After three years of writing and ripping up forgotten songs, pandemic downtime fueled Niemisto’s latest body of work. “I had an excuse to dig my heels in and get it done,” says Niemisto. “I had no real excuse about time commitments or whatever.” And while collaborating felt impossible to most of us during the pandemic, he says that recording with a few of his friends was surprisingly easy.
They set up some glass walls so they could see each other, went into the studio, slapped on masks, and pretty much improvised the entire EP. Niemisto came in with skeletons of songs already written, but he credits the band – Jacob Sigman (keys), Junho Kim (bass), Huntley Chamberlain (drums) and Jonah Grey (synth on “Once Again”) – for helping shape the sound of the record. “I’ve been playing with these guys for years,” explains Niemisto, “so I kind of know their style and I had trust that they’d be able to put their own spice on it and have it come out the way I wanted more or less.”

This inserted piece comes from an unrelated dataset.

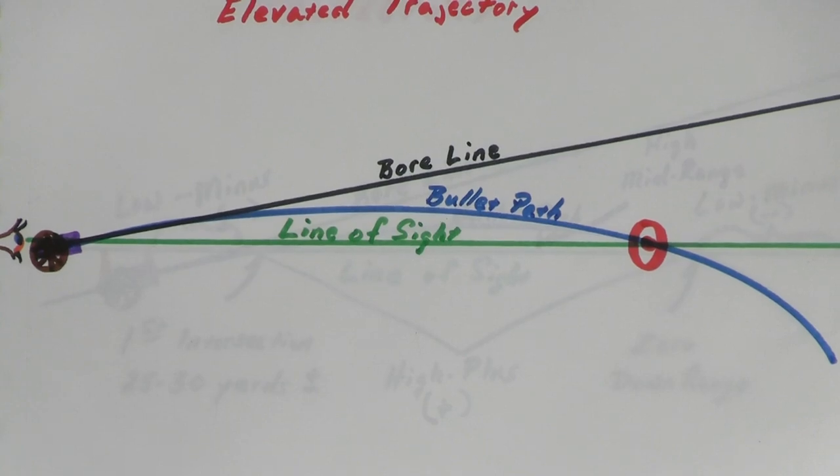So let's take a look at that picture again. You've got the bore line, which is ascending, and your line of sight — between your eye and the target — you're elevating your bore line in an upward direction. Although your bullet is still dropping from the bore line, it's being cast above your line of sight, and it drops into the zero point.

If the way he wanted it was Isley Brothers meets badbadnotgood, then they definitely succeeded. Once Again serves the listener an all-too-familiar cocktail of unrequited love, longing, and heartbreak. But there’s something about Niemisto’s soothing voice and nonchalant melodies that makes lost love feel it’s not the end of the road, but the beginning of a new one. It’s not that he’s constantly suffering from a broken heart, but more that the morose melodies are the ones that come most naturally to him when it comes to songwriting.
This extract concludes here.